Liberty gets very excited <still!>

Do you keep treats on your body? Have you tried keeping them off your body...in another location like a shelf on a chair counter in a box etc...
Do you allow her to grab treats or must she take them calmly?

Have you worked on exercises that require her to be still - like eye contact exercises...long sits and downs? 

Do you speak really high/pitchy/loud when you praise? Sometimes getting so verbally excited will ramp them up. 
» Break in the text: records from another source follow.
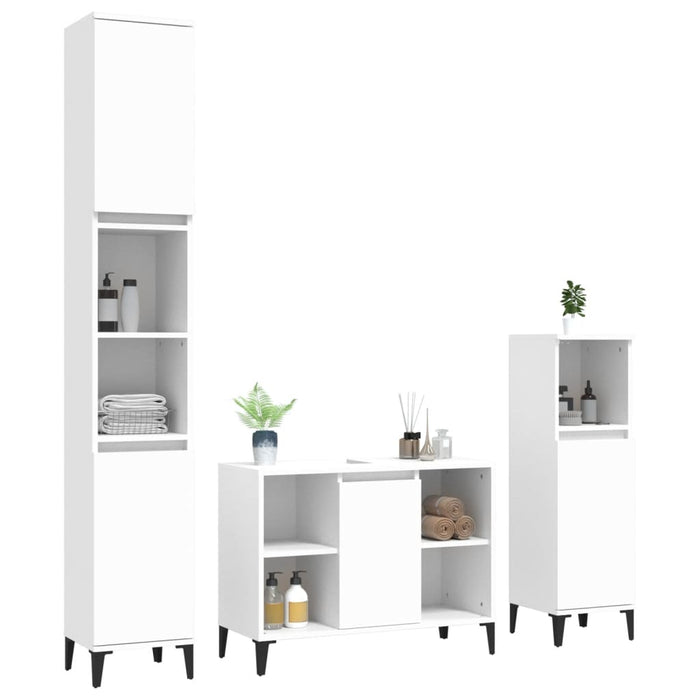 Set Mobili da Bagno 3 pz Bianco in Legno Multistrato 3185621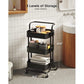 Myfurnideal 3 Tier Mesh Utility Cart Multifunctional Storage Shelves Rolling Metal Organization Cart with Handle and Lockable Wheels for Kitchen, Living Room, Office - Walmart.com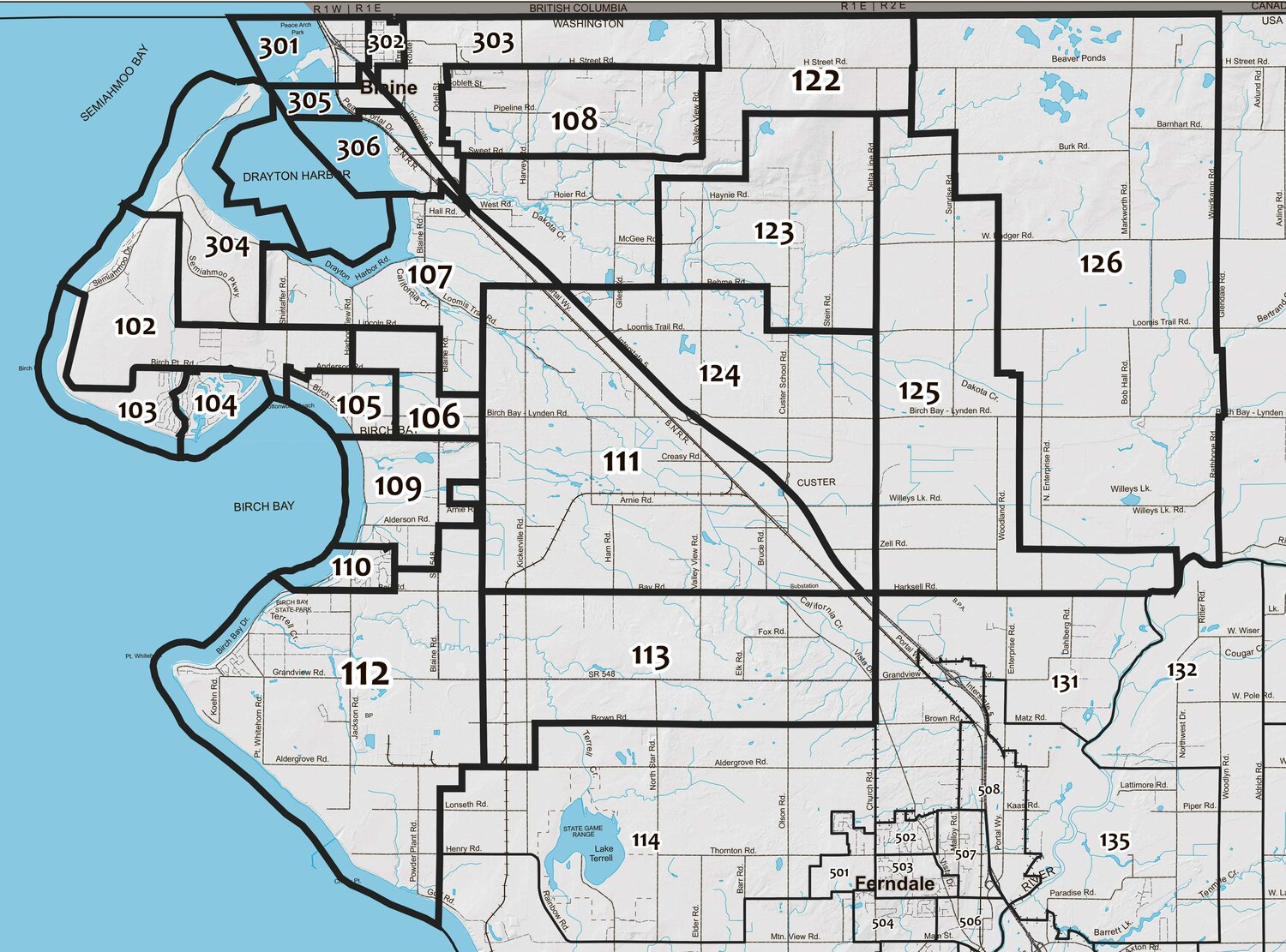 2023 precinct boundaries for the Blaine, Birch Bay and Custer area.
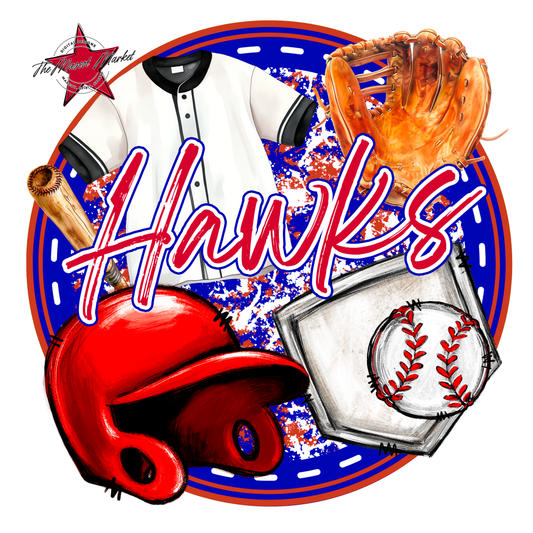Hawks Circle Baseball Design-Blue-Red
I have found with Trace if stop him & offer him a deep massage and give him the chance to relax that he will start again with more deliberation.


----------



## Jige (Mar 17, 2011)

Have you tried wearing out before you start training. Takeing her on a walk playing fetch going swimming first then work on her obedience. This is what I have to do with Vendetta other wise it is a waste of time she is too happy to pay attention.


----------



## KevinB (Oct 27, 2010)

I would try doing some exercises in which you condition her to act calmly. For instance, only treat when she's calmed down and ALL FOUR paws are on the floor. Start doing this through out the day, too. Be sneaky and keep treats in your pocket so that whenever she settles down around you, praise and treat. She'll eventually start to understand that this type of calm behavior is what you really like.


----------



## bbuzz (Aug 8, 2010)

My bears nature is super chilled, however training time equates to a very excited dog (yes that's right 12 1/2 yr old bounding around like puppy!) I have always taken it mean that Sash loves to learn/train, which is exactly what I want. 

The over excitement behaviour related to training can be a pain in the butt (e.g do we really need to be excited at every repetition!), what we have is a command called 'look at me'. Quite simple really I ask her to 'look at me', she calms down and focuses upon me. 

Though it might not be the easiest trait more than anything I am blessed to have a crazy happy dog that loves training & learning!


----------